▸ To do: Exactly the lines below, starting with the one containing "Hello everyone, welcome" and going on through the one containing "In this video, we", must be reproduced, both ends included, and no pictures with them.

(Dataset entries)
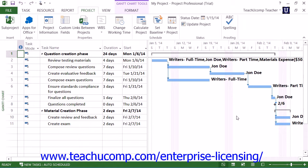Once you have saved your baseline copy and work has started on your project, you need to record the progress or actual work performed on the tasks within the project file. You can update the tasks individually, or you can mark multiple tasks complete as of a selected date. In this lesson, we will examine how to mark multiple tasks completed as of a specified date. You can use this feature when a project has completed 100% of the tasks on schedule as of a set date.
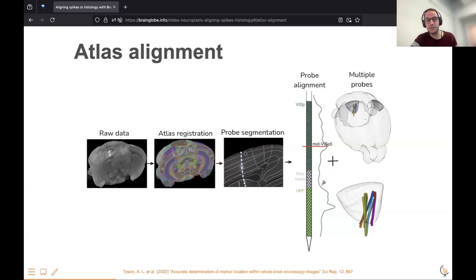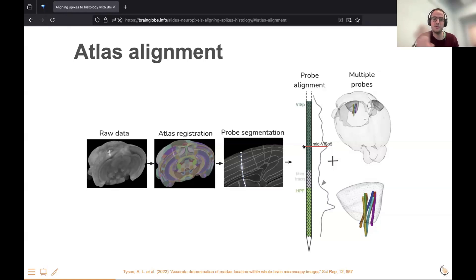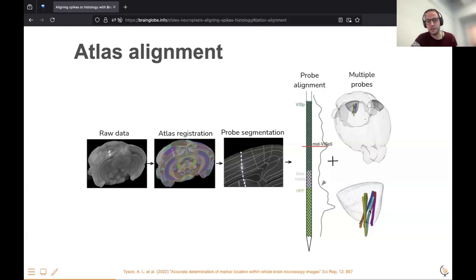Then you can segment your probe either automatically or manually. In this case it's quite easy because it's a one-dimensional thing — you can stick some points on it and fit a line through those. That allows you to visualize and analyze the probes, both in your sample space and also in the atlas space, where you can overlay several probes from different animals to check that they're all in the region you expect. Here, seven animals are all more or less placed in the same location in the visual cortex.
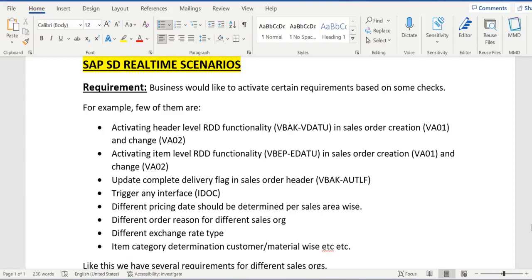Hello everyone, welcome back. In this session we are going to discuss some of the SAP SD real-time scenarios. If you go for an interview, you can confidently speak about these client or business requirements.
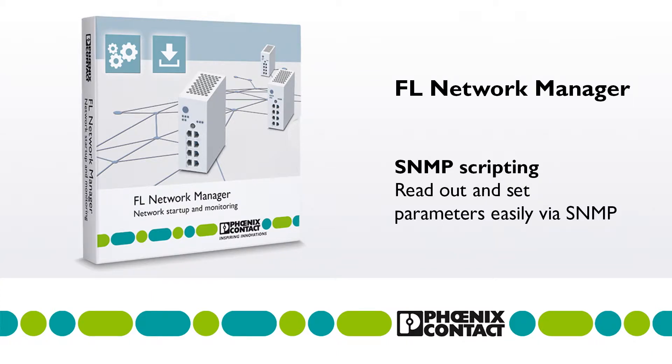In this video, we will show you how to use SNMP scripting with the FL Network Manager and which opportunities it provides. The SNMP scripting works with every SNMP-capable device, independent of manufacturers.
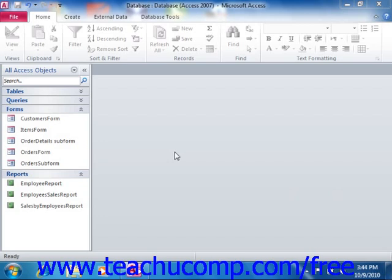When you write macros, you will need to know both the actions — what to do for each step within the macro — and the arguments, which are additional settings that specify more exactly what you want each action to do. To make macro creation easier, Access comes with a Macro Design window.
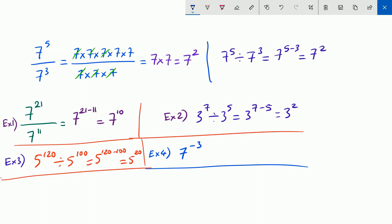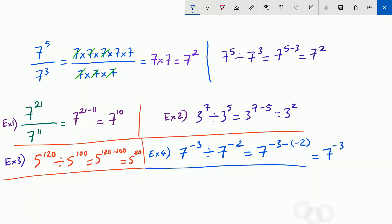7 to the power of negative 3 divided by 7 to the power of negative 2, which is 7 to the power of negative 3. You have to pay attention here, because I'm going to use parentheses for negative numbers — it is going to be negative 2. So 7 to the power of negative 3 minus negative 2, two negative signs in a row, which is going to be plus 2. So the result is 7 to the power of negative 1.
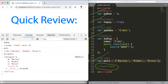Let's have a quick review before we proceed to our next topic. Yesterday we learned about numbers, booleans, strings, objects, and arrays. And we are going to focus on functions today.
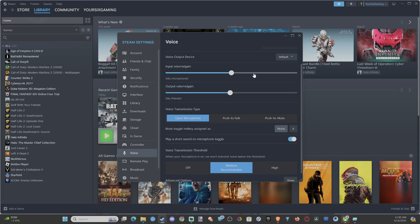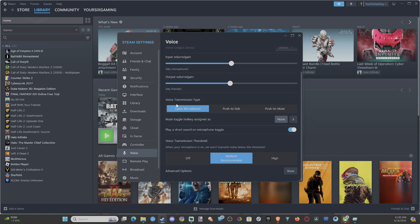And then you have the volume controls right here, so you can increase the sound of your microphone on the top. Increase the sound of the friend's microphone right here. And then we have the voice transmission type: open mic, push to talk, push and mute.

▸ Solution:
Hello everyone, welcome back. In this session we are going to discuss some of the SAP SD real-time scenarios. If you go for an interview, you can confidently speak about these client or business requirements.
In this video, we will show you how to use SNMP scripting with the FL Network Manager and which opportunities it provides. The SNMP scripting works with every SNMP-capable device, independent of manufacturers.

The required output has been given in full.